# my 3 year old has no concept of personal space



## Maxine45 (Oct 29, 2005)

How can we teach the idea that people don't want him hugging and poking and touching and yelling in their faces?
My son is starting to alienate his little friends with TOO MUCH touching.

I started talking to him about space bubbles yesterday but didn't get very far.
me: "you know what bubbles are?"
him: "yes"
me: "what are they?"
him: "they're for POPPING!!!"

oye. that seems to be the trouble, allright.


----------



## 4evermom (Feb 3, 2005)

My ds used to kind of poke kids to try to get them to interact. I coached him a bit to tell them his name and ask them to play. He was pretty verbal so that worked pretty well except the other kids weren't always verbal enough to respond.
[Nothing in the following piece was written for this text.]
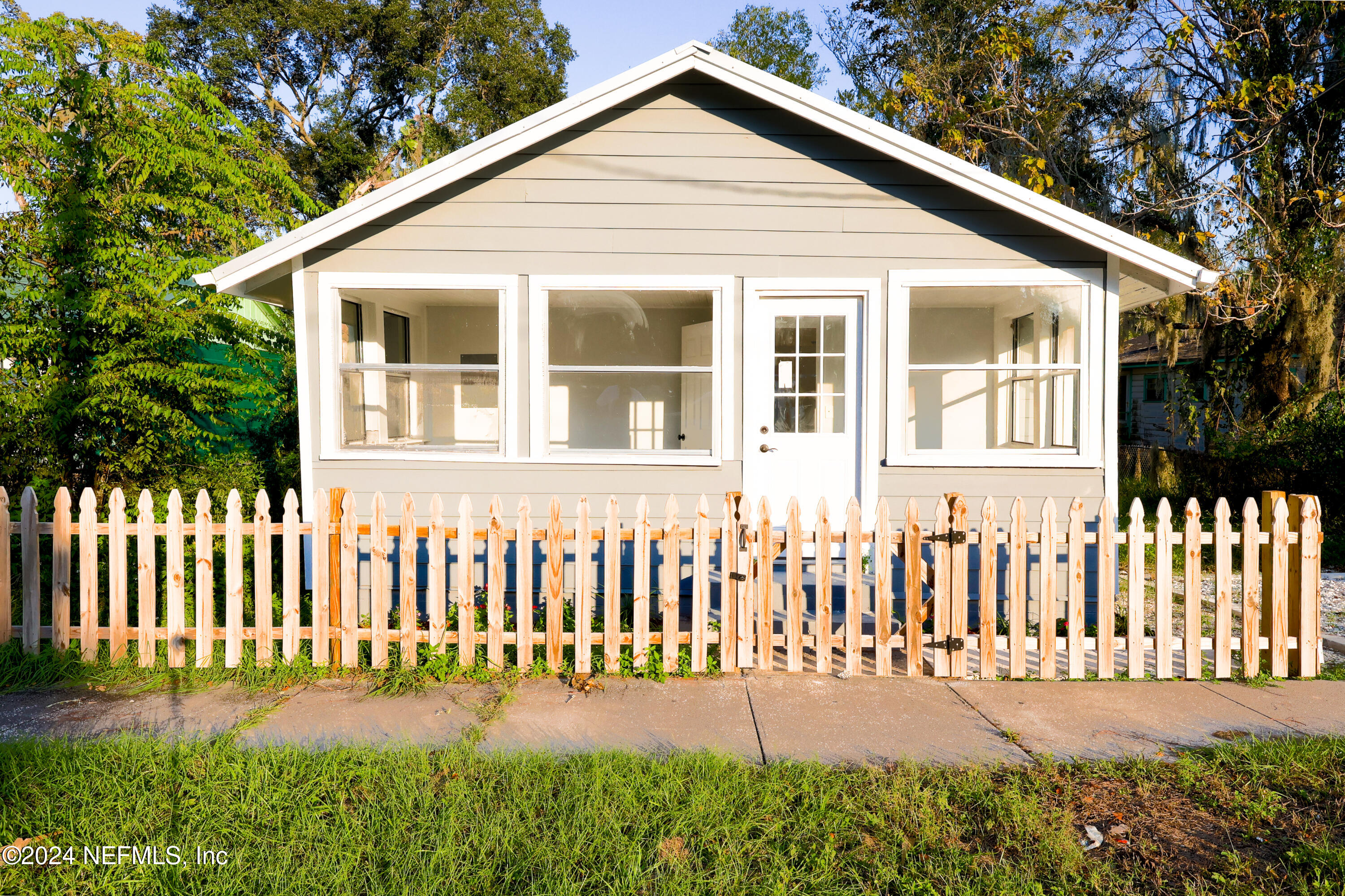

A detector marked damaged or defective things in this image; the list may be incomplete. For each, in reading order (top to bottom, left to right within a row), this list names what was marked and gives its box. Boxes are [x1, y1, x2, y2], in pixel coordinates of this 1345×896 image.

sidewalk crack [748, 678, 769, 758]
sidewalk crack [952, 680, 1033, 758]
sidewalk crack [1200, 683, 1302, 732]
I used to just say other kids weren't for touching. I think my niece or someone said "what about hugs?" so we added except for hugs. So I told him to say "hug" first is he was going to hug someone. That helped tremendously because half the time the other kids thought they were going to get attacked. With the word hug spoken first, they'd just hug him back and not mind. Even if ds was thinking of something less friendly, that put the hug notion in his head (like positive redirection) and that's what he'd end up doing.


----------



## Maxine45 (Oct 29, 2005)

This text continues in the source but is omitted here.